Shame (耻) and Guilt (罪) and the American Way
A student in my Confucian Virtue Ethics class today asked an interesting question about modern American culture in the context of ancient Confucianism. Specifically, he wanted to know if American culture was in any way a “shame” (ch’ih) culture (as the ancient Chinese culture was), or if it was primarily a “guilt” (tsui) culture.
The question came up as a result of our discussion of the concept of cheng (correction, governing). According to the Confucian, cheng is preferably achieved through internal shame on the part of a person who believes that he/she has failed to live up to a standard of living put forward by a given exemplar. So cheng in this case is “positive” and refers back to the importance of “modeling” within the Confucian philosophy as the method to effective behavior modification. On the other hand, there’s a negative aspect of cheng, which refers more to legal rules and frameworks. So, when shame doesn’t work, the law steps in and forces people to submit to some standard of behavior. The central analect is probably 2.3:
The Master said, “If the people be led by laws, and uniformity sought to be given them by punishments, they will try to avoid the punishment, but have no sense of shame. “If they be led by virtue, and uniformity sought to be given them by the rules of propriety, they will have the sense of shame, and moreover will become good.”
From here the basic distinction between shame and guilt is easy to see:
1. Shame is reliant upon an internal correction mechanism that utilizes the “internalization” of the other within oneself. So if you feel shame, it’s really the “presence” of some significant other within you that makes you feel bad. Shame, it is argued, results from a transgression against the kinds of ritual action that are constitutive of relational frameworks. So, if ritual X is a proper component that structures part of how fathers and sons meaningfully exemplify their roles towards one another, a failure to properly give X its due in the proper situation should result in shame, which is the voice of the other that you have let down.
2. Guilt is different, and relies upon an internal correction mechanism that stems from a recognition that one has transgressed against a law. So you might feel guilty that you blew the red light, or that you violated the ten commandments, or the categorical imperative (or whatever). So it doesn’t have to be legal in nature; instead, guilt simply refers to a feeling stemming from the recognition of the transgression against an external standard that compels one to submit. Thus guilt does not involve the internalization of any specific “others” to generate the corrective feeling.

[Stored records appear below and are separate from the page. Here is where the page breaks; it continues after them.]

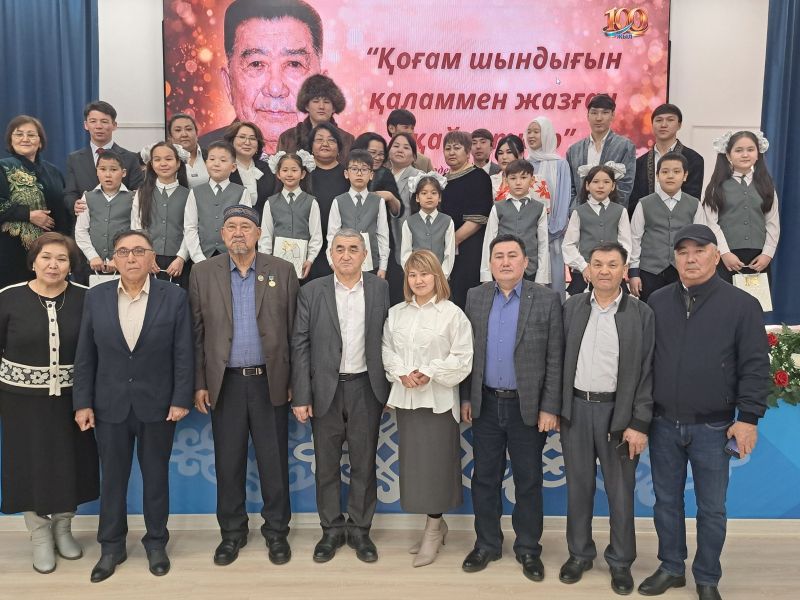 Ғибратты ғұмыр иесі
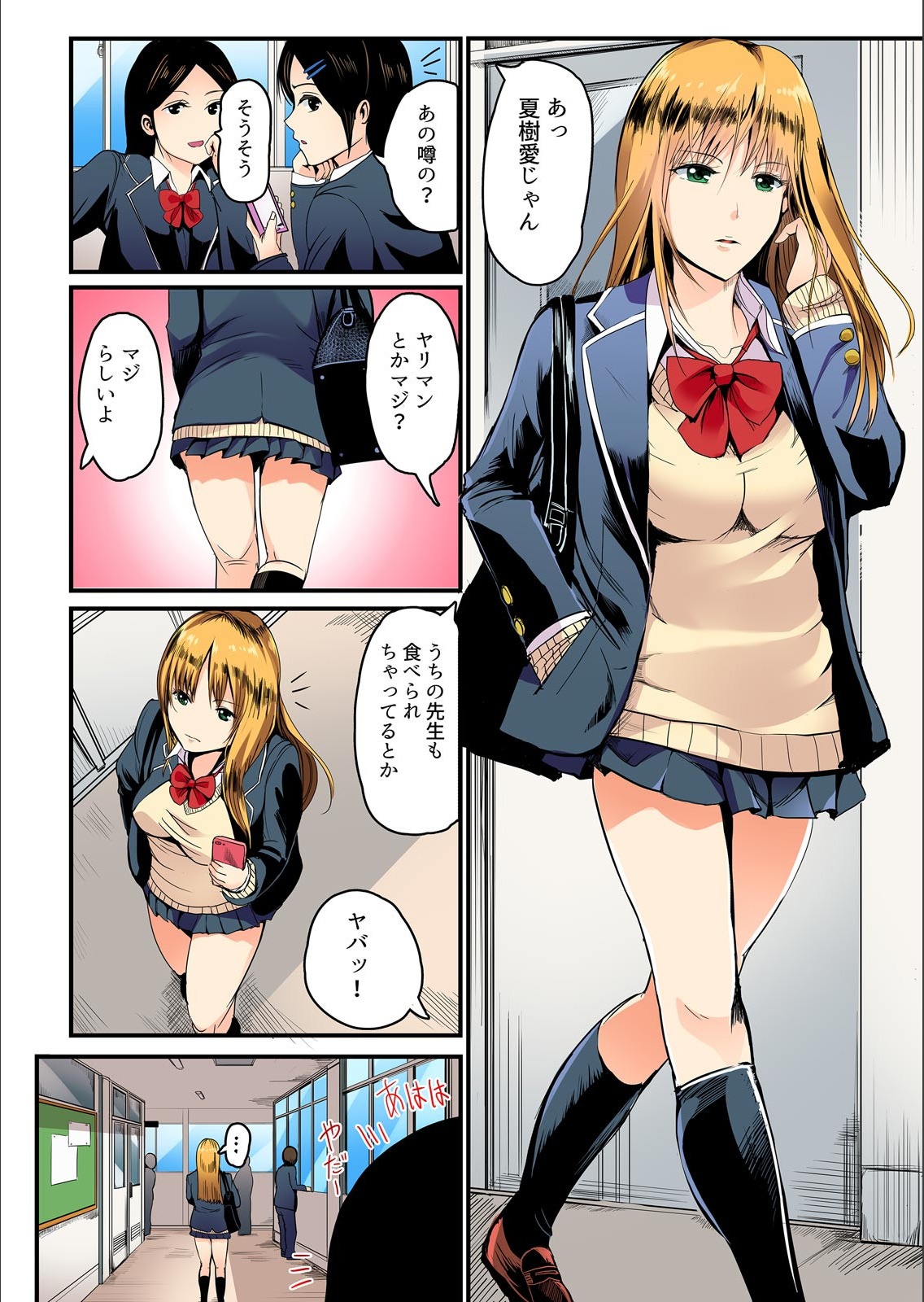 Taiiku Souko de Himitsu no Ecchi!! -Bitch ni miete... Jitsu wa Shojo!? Ch.1 page 3 full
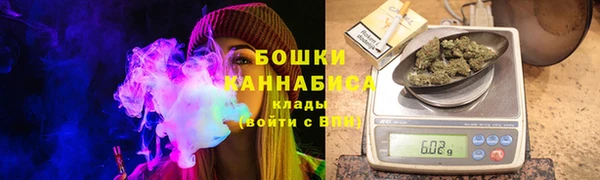 2c-b Балахна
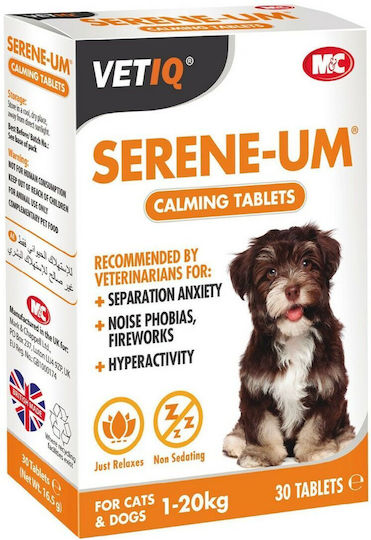 VetIQ Tablets for Dogs 30 tabs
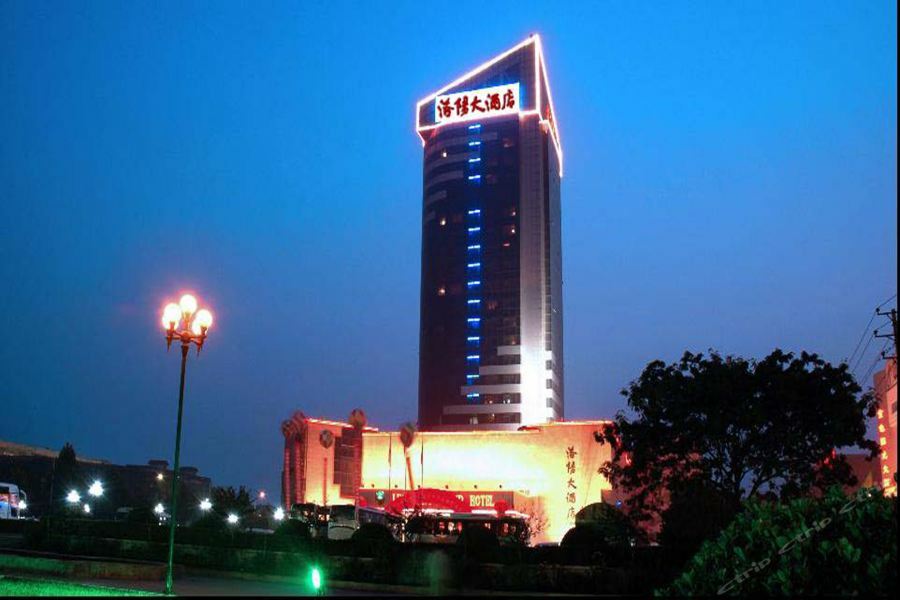 Luoyang Grand Hotel Bagian luar foto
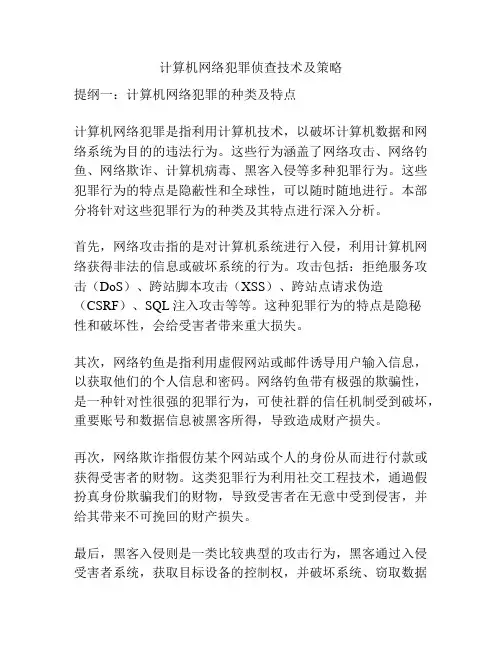 计算机网络犯罪侦查技术及策略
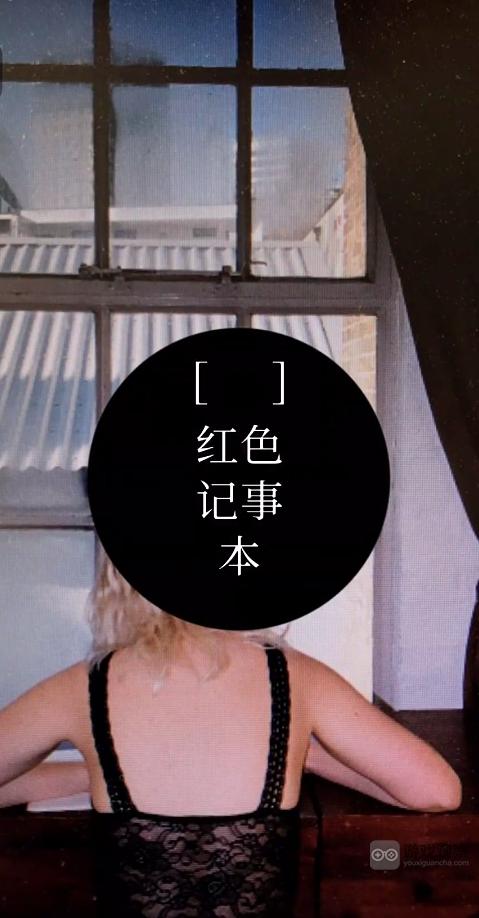 失落记忆第一章通关攻略：红色记事本解谜全解析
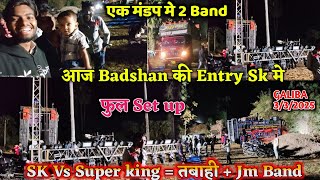 Sk Vs Super king आज एक हि मंडप् मे 2 Band Sk का लाइटिंग सेट उप देख लो live at & galiba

From this perspective, shame is a clearly a device that requires a notion of community in the idea of “wrong”, whereas guilt is not clearly so reliant, as it relies merely upon a submission to laws and rules as opposed to rituals. Your direct relationship is to rules, not to people.
In any case, my student’s question is a good one. Given the fact that in American culture we don’t have a high level of respect for (a) the communal nature of the self, nor for (b) ritualistic ways of understanding our identities, how prevalent within American culture is shame as a corrective device? Is guilt the primary corrective element in behavior modification in our culture?
Personally, it seems clear to me that American culture contains shame as a method of cheng, but I seriously doubt that it is as prevalent as it was in ancient China (or maybe even modern China). It does seem that guilt does the heavy lifting. If this is true, however, what is the cause of the difference? Is it the rejection of (a) and (b) and the embrace of the modern autonomous picture of the self?